Le référentiel à grande échelle est une base de données qui rassemble un ensemble d'informations géographiques numérisées de précision métrique, couvrant l'ensemble du territoire national et comprenant quatre composantes compatibles entre elles, superposables et interopérables, contenant des données topographiques, orthophotographiques et parcellaires ainsi que des adresses. Ce référentiel répond à des besoins propres de l'Etat, notamment en matière de défense nationale et de prévention des risques, en sorte que sa réalisation est nécessaire à la conduite des missions d'intérêt général assurée pour l'Etat et ses établissements publics. La cohérence d'ensemble du dispositif, l'ampleur et l'urgence du projet ainsi que l'investissement qu'il représente et la rentabilité économique incertaine de certains de ses constituants justifient la concentration des moyens financiers et humains nécessaires à cette réalisation sur un seul opérateur. Enfin, les services de l'Etat et ceux de ses établissements publics ne sont tenus d'y recourir que lorsque les données qu'il contient correspondent à leurs besoins. Par suite, le droit exclusif ainsi conféré à l'Institut géographique national n'excède pas les nécessités des services d'intérêt général auxquels l'outil est destiné. Enfin, si les droits exclusifs accordés à l'Institut géographique national par le décret attaqué lui confèrent une position dominante sur les marchés concernés, cette circonstance ne le place pas pour autant en situation d'en abuser automatiquement.... ...Il s'en déduit que le décret du 22 novembre 2004 conférant à l'Institut géographique national la réalisation du « référentiel à grande échelle » et les droits exclusifs qui s'y attachent n'est pas contraire aux stipulations de l'article 86 du Traité instituant la Communauté européenne, dont il résulte que s'il est loisible aux Etats membres d'accorder à des entreprises gérant des services d'intérêt économique général des droits exclusifs pouvant faire obstacle à l'application des règles du traité relatives à la concurrence, ces restrictions à la concurrence ne doivent pas excéder les limites de ce qui est nécessaire à l'accomplissement de leur mission particulière et doivent rester proportionnées à ces nécessités.

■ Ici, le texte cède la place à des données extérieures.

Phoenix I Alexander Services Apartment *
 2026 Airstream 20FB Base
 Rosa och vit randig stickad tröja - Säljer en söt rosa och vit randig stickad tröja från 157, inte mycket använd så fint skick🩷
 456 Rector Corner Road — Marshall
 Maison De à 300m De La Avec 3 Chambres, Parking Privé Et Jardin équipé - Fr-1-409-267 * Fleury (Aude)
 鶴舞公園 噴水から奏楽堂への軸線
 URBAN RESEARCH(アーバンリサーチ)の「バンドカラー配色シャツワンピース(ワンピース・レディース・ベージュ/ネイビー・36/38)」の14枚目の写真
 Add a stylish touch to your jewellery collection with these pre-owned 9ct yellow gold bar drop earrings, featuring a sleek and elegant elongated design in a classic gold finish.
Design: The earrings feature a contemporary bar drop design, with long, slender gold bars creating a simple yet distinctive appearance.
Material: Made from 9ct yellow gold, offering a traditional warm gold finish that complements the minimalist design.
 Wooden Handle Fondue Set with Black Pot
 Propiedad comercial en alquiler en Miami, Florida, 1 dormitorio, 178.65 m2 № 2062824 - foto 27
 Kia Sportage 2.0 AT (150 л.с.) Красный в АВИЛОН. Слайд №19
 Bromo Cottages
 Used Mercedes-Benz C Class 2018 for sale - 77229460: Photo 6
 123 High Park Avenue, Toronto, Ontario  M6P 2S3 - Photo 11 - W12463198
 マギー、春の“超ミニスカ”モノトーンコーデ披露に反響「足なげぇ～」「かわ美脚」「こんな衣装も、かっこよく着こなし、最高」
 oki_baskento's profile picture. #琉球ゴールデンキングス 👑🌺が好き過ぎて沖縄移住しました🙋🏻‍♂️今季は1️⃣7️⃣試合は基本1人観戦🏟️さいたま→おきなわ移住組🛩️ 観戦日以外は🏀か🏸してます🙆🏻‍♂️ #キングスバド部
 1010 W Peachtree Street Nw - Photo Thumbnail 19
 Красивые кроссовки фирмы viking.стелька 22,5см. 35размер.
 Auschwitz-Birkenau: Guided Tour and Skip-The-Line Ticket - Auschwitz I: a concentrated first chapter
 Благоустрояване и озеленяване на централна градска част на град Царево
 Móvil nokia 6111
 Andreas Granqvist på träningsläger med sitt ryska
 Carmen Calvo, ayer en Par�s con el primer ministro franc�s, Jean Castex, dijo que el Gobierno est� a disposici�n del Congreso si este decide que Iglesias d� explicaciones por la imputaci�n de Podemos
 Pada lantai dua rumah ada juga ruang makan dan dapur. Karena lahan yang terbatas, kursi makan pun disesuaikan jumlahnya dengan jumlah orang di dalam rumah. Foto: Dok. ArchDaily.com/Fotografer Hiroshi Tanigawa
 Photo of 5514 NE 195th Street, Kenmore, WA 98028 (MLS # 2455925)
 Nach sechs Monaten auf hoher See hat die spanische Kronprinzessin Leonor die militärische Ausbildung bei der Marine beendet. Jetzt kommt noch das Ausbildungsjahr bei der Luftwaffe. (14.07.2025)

L'obligation faite à l'Etat et à ses établissements publics de fournir à l'Institut géographique national les données en leur possession, et de recourir au référentiel à grande échelle constitue un droit exclusif établi en faveur de l'Institut géographique national, qui n'est pas contraire au traité. Par voie de conséquence, les conventions conclues entre l'Etat ou un de ses établissements publics et l'Institut géographique national échappent à l'application des règles de mise en concurrence prévues par les directives communautaires n° 93/36/CEE et 93/38/CEE et par les lois des 3 janvier 1991 et 11 décembre 1992.
L'obligation faite à l'Etat et à ses établissements publics de fournir à l'Institut géographique national les données en leur possession, et de recourir au référentiel à grande échelle constitue un droit exclusif établi en faveur de l'Institut géographique national, qui n'est pas contraire au traité. Par voie de conséquence, les conventions conclues entre l'Etat ou un de ses établissements publics et l'Institut géographique national échappent à l'application des règles de mise en concurrence prévues par les directives communautaires n° 93/36/CEE et 93/38/CEE et par les lois des 3 janvier 1991 et 11 décembre 1992.